╭─ Material to process

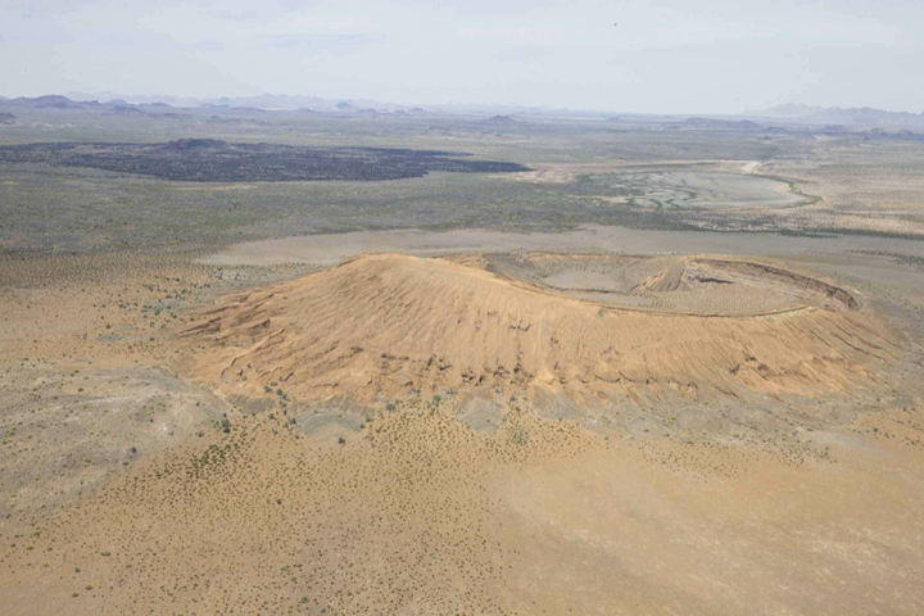A volcanic system known as Santa Clara is the main part of the landscape, including Three Peaks: Pinacate, Carnegie, and Medio.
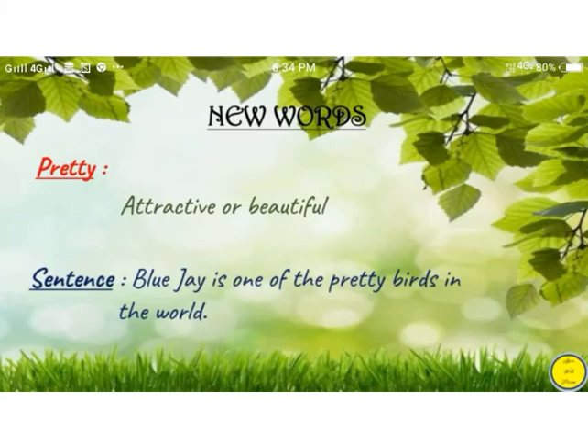Students, these are the new words from the lesson, the little fir tree. The first word is pretty. Pretty means attractive or beautiful. Sentence: Blue Jay is one of the pretty birds in the world.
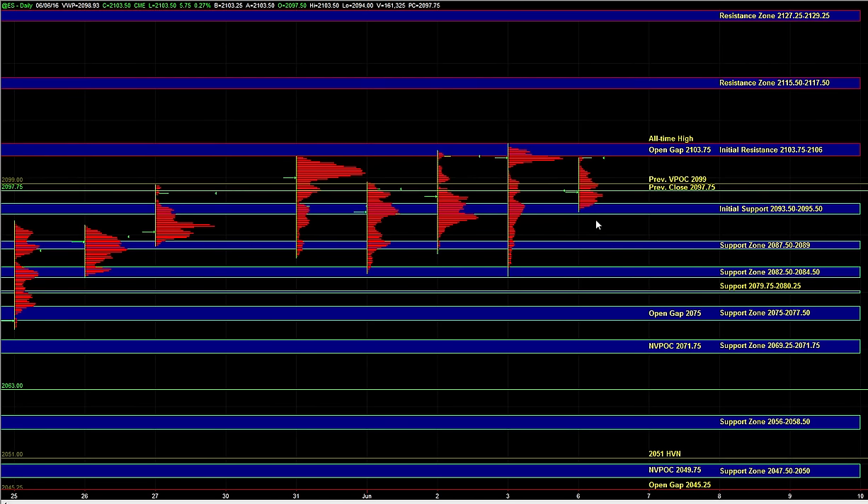Hey, good morning. Let's go over today's trade plan. The buy side has been dominant here in the overnight session, but ES is set to open near key resistance at 2103.75 to 2106, which marks the all-time high. It continues to be a valid area of resistance until it's actually taken out, and it is an important inflection point.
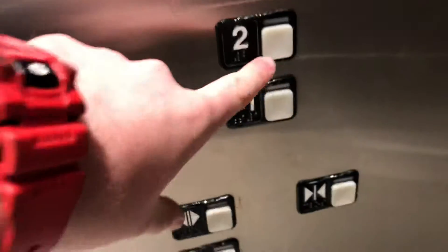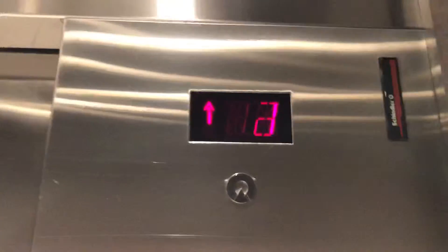This is the lift — going as the elevator at Macy's at the Florida Mall in Orlando, Florida. Good, floor two. It's a Schindler lift.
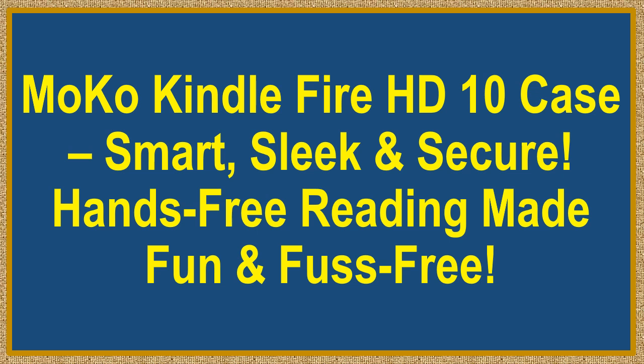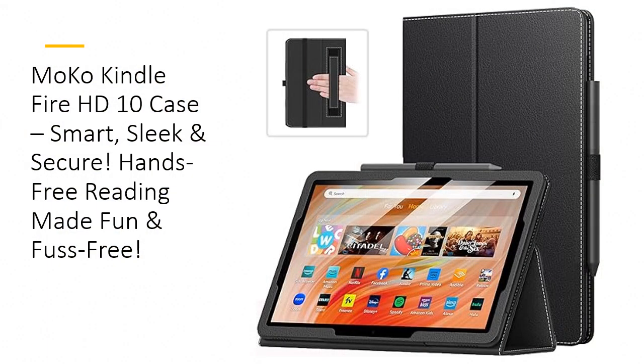Moco Kindle Fire HD 10 Case — smart, sleek, and secure. Hands-free reading made fun and fuss-free. Your Kindle's best friend.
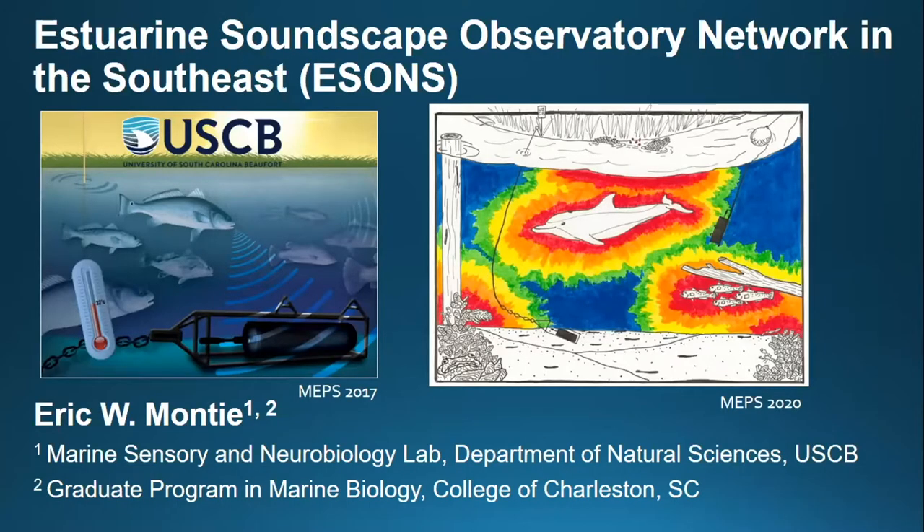Thanks again for inviting me to give this talk. This is very dear to me. We've done a lot of work over the last 10 years, and we've been fortunate to have this Estuarine Soundscape Observatory Network in the Southeast, or ESUNS, funded by NOAA's Integrated Ocean Observing System through a sub-award from SACORA for the next five years. We're very happy about this.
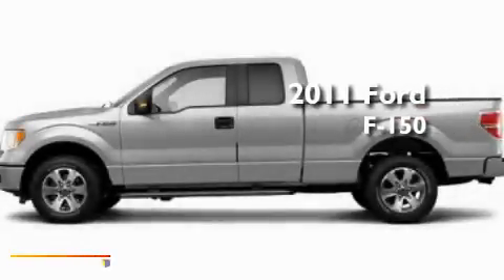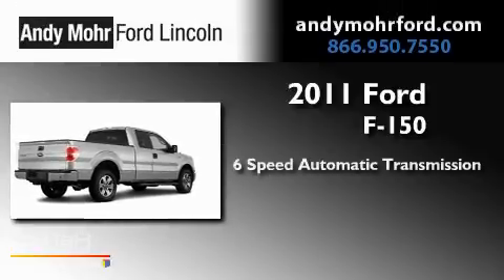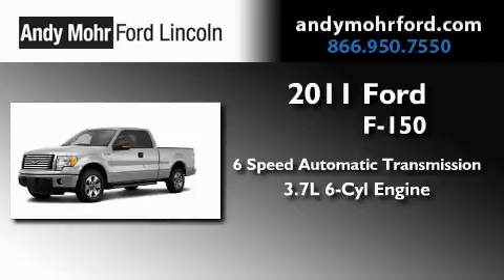This is a brand new 2011 Ford F-150. This truck has a 6-speed automatic transmission and a 3.7-liter V6.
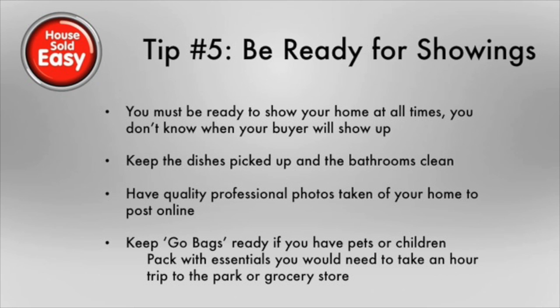Tip five, be ready for showings. You must be ready to show your home at all times because you don't know when your agent is going to call or when a buyer is going to come over and want to take a look at the house. A tip for being ready is to keep go bags ready for pets or children that you can fill with snacks, diapers, or a leash — whatever you need to get your family out of the property quickly so that a buyer can walk through. Another thing to consider is that almost all homeowners are shopping online prior to going out and looking at properties, so you want to consider having quality photos taken or even hiring a professional to take photos of your home to post online.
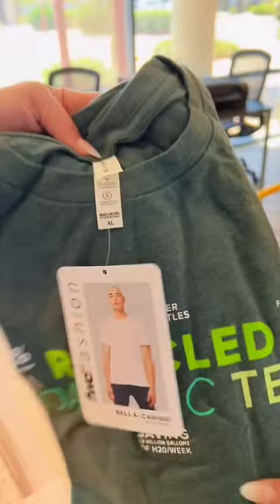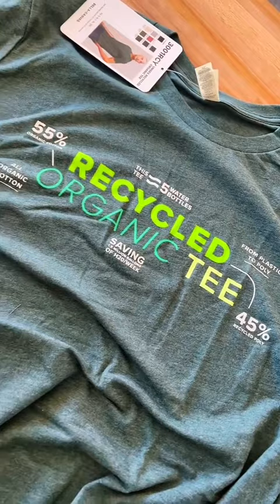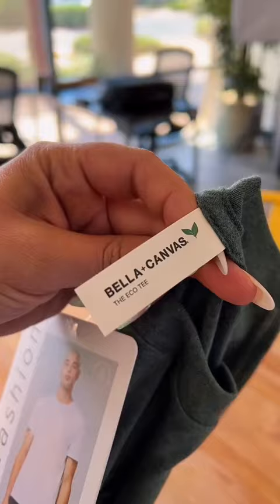This is their unisex eco tee and it is 55% organic cotton. It's 45% recycled polyester from plastic water bottles. This tee comes in nine different colors and it is actually super soft to the touch. Let us know if you want to print on it.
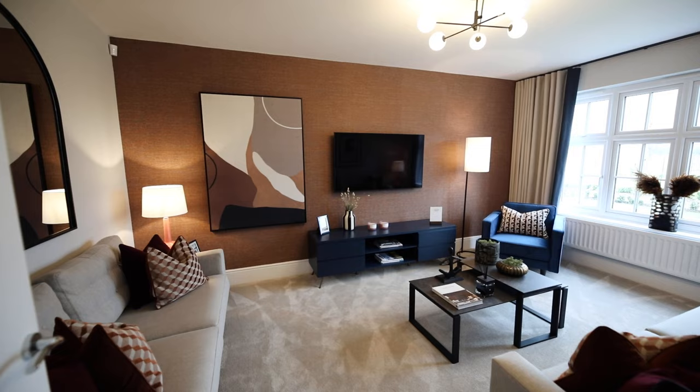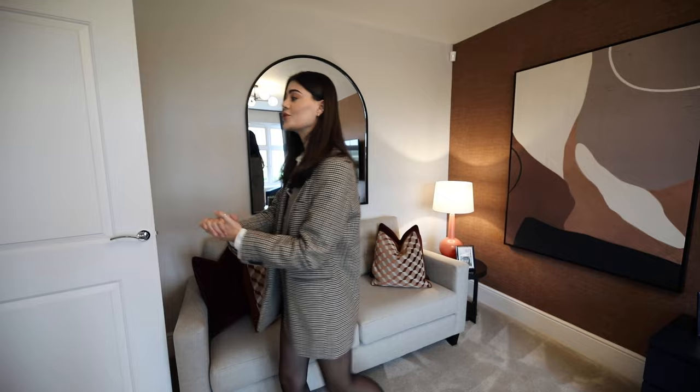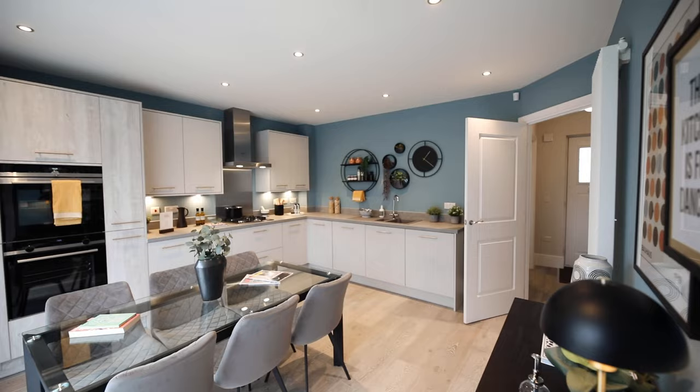So this is the lounge — as you can see, a really great size room. I will of course link everything down below so you can have a look at the floor plan, the dimensions, and everything for all of the rooms. But let's head through to the kitchen, dining and another living space.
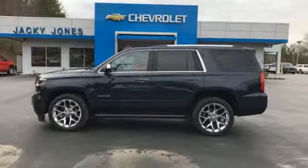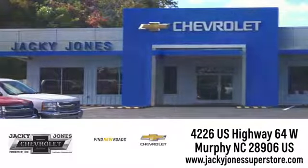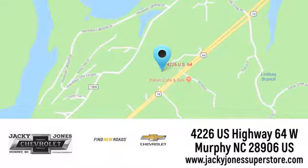Take it for a test drive today. Jackie Jones Chevrolet, where service and sales go hand-in-hand. Call, click, or stop in today. We're conveniently located at 4226 US Highway 64 West in Murphy, North Carolina.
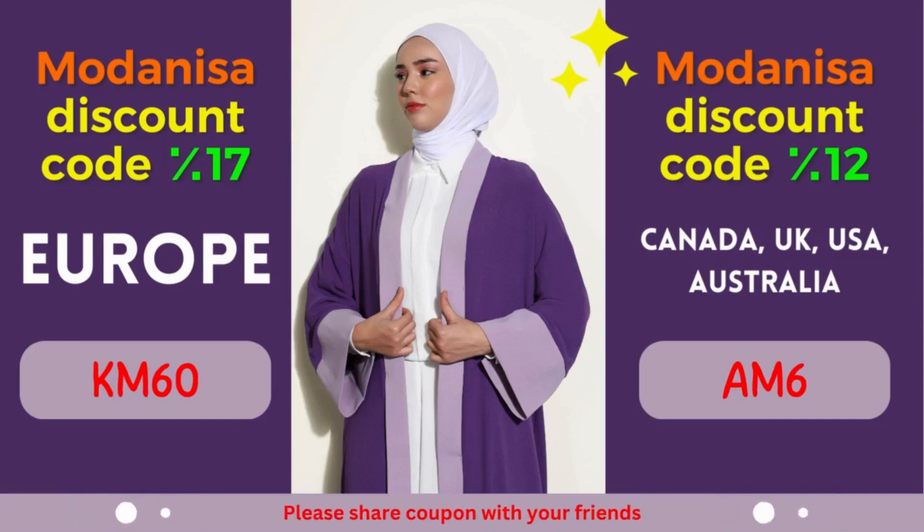In this video, we will dive into two fantastic Modanisa coupon codes, granting you impressive savings for specific regions. Get ready to elevate your shopping experience without breaking the bank.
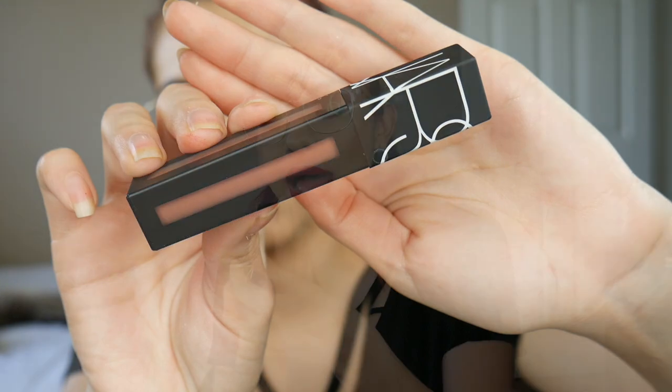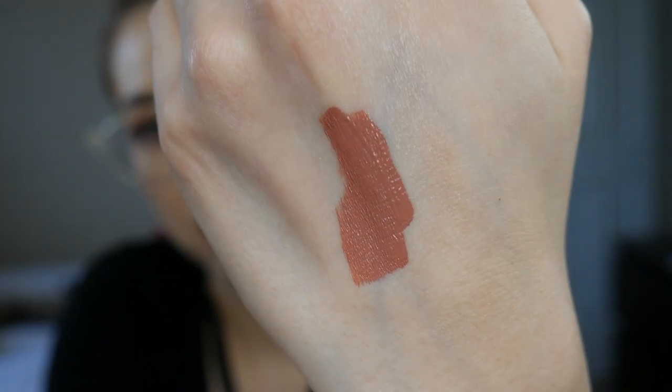The other lip product is the NARS Power Matte Lip Paint in the color Get It On — it's a beautiful nude color. I love it so much I want to grab it every time I do my makeup. It has a unique pointed applicator that makes it super easy to outline your lips without needing a lip liner. So far I've really been liking it. If you're looking for a great color from the NARS Power Matte line, Get It On is a perfect nude for my skin tone — not too light, not too dark. I definitely want to try some berry colors from the line next.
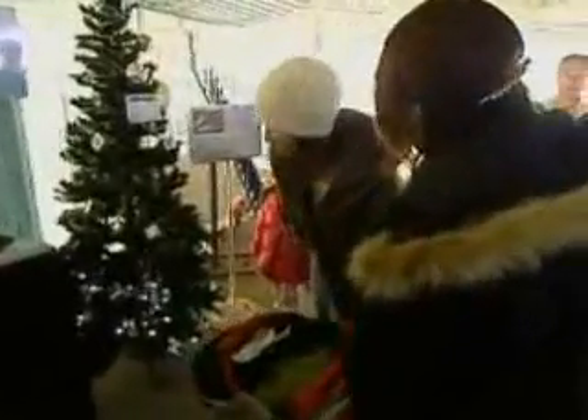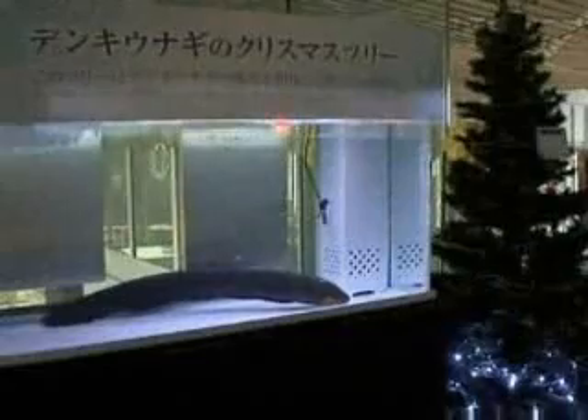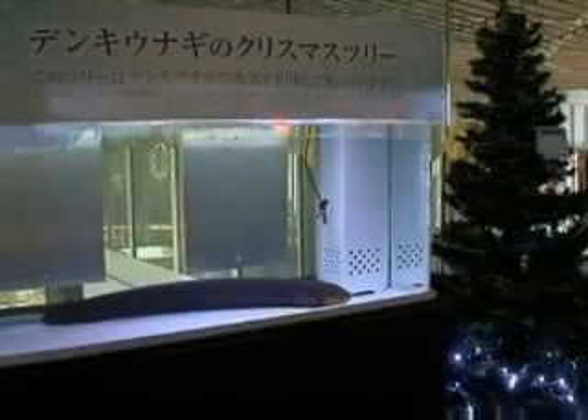So, as climate talks unravel in Bali, a message from Japan: all you need is a tank, some water, and a very long eel to make your energy entirely pollution-free.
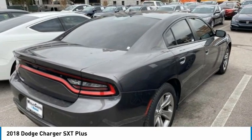If you like it online, you'll love it in your driveway. Take it for a spin today.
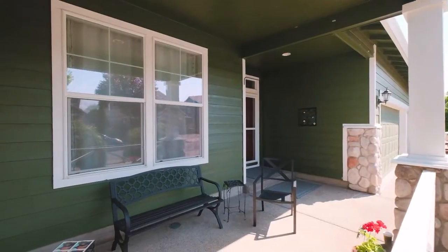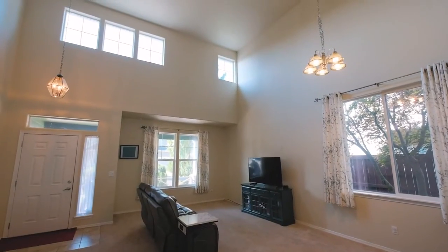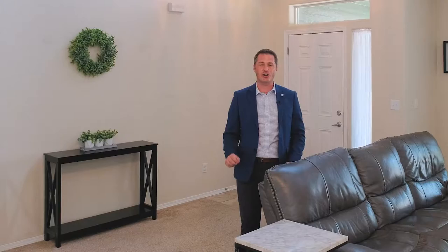When you approach this home you're immediately greeted by a cozy covered front patio, and then you enter into a lot of space in a large family room with vaulted ceilings, five bedrooms, three full bathrooms, and a three-car garage.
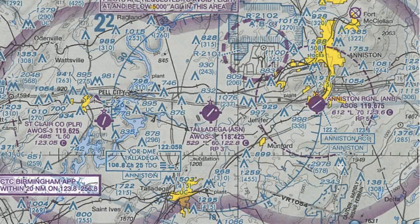Hi, everyone. This is Will with KL Aviation. In this lesson, we're going to look at airport symbols on a VFR sectional chart for non-towered airports.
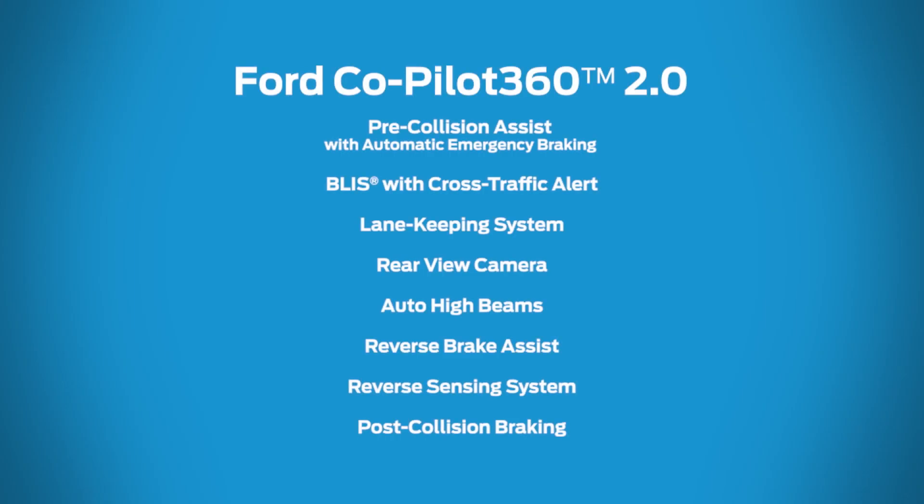From your driveway to the highway, Ford Co-Pilot 360 2.0 is there for you.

╰─

> _Prompt_: Using the entries above, transcribe exactly from the line that has "Tip five, be" through the line that has "This is their". Pictures are dropped.

> _The completed task_:
Tip five, be ready for showings. You must be ready to show your home at all times because you don't know when your agent is going to call or when a buyer is going to come over and want to take a look at the house. A tip for being ready is to keep go bags ready for pets or children that you can fill with snacks, diapers, or a leash — whatever you need to get your family out of the property quickly so that a buyer can walk through. Another thing to consider is that almost all homeowners are shopping online prior to going out and looking at properties, so you want to consider having quality photos taken or even hiring a professional to take photos of your home to post online.
This is their unisex eco tee and it is 55% organic cotton. It's 45% recycled polyester from plastic water bottles. This tee comes in nine different colors and it is actually super soft to the touch. Let us know if you want to print on it.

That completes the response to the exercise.